Friday, December 26, 2008

The Curious Case of Benjamin Button (**)

THE CURIOUS CASE OF BENJAMIN BUTTON
Directed by David Fincher



**

The short story by F. Scott Fitzgerald, "The Curious Case of Benjamin Button", is a good story, not a great one. It's a charming tale about a man born 5'8'', with the mind and body of an 80-year-old man, who grows younger and younger. Fitzgerald peppers the story with wit, and is an almost satirical statement about age and social classes. It is succinct and pleasant, but as David Fincer--a filmmaker I admire greatly--brings this story onto the big screen, he makes a film that is as laborious as it is ambitious.

In this version, Benjamin (Brad Pitt) isn't born as an old man, but as a baby with a lot of wrinkles (??). His mother dies in childbirth, and his father, horrified by the sight of him, places him on the steps of a retirement home. There, he is found by Queenie (Taraji P. Henson), a young woman who works in the home, and sees Benjamin as a miracle that she should take care of. She raises Benjamin as he gets bigger, but continues to possess the features of an 80-year-old man. Surrounded by many senior citizens, Benjamin is very much in his element, except that he is inexplicably beginning to grow younger.

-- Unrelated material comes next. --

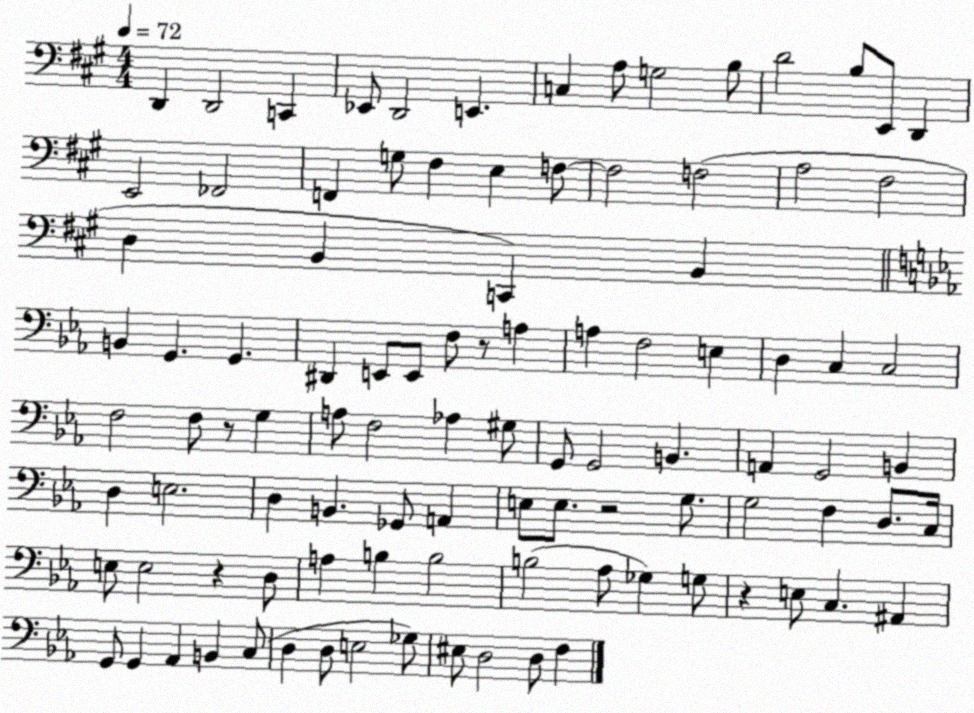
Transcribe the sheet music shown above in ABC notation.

The biggest moment in his life, is when he meets a young girl named Daisy. She is precocious, and is very much interested in Benjamin. Benjamin has feelings for Daisy as well, but his older appearance makes it difficult. By the time he is a teenager, Benjamin looks about 70, and begins to work on a tugboat, where he travels to different parts of the world, continuing to write to Daisy to explain his journey. While traveling he meets Elizabeth (Tilda Swinton), in which he experiences his first true romance, but it doesn't last very long.

He returns home in his late 20's, now looking like a man in his 50's, and finds Daisy (Cate Blanchett), now a woman and performing as a dancer on Broadway. Daisy is beautiful and still precocious, flirts with the much younger Benjamin, but her youthfulness finds little use for him. Then Benjamin reaches his 40's, and he's looks as much, and he and Daisy are finally within the same range. They finally experience the romance they both wanted for so many years, but as Benjamin gets younger, and Daisy gets older, life becomes difficult.

Fincher is a wonderful filmmaker. Both Se7en and Zodiac are masterful pieces of cinema that are either discarded as shallow horror, or completely ignored by the public altogether; and there are plenty of moments within Benjamin Button that showcase his masterful talent behind the camera, but he and screenwriter Eric Roth seem to have no idea what was so good about the original story to begin with. Why take a funny story about life, and transform it into solemn story about death?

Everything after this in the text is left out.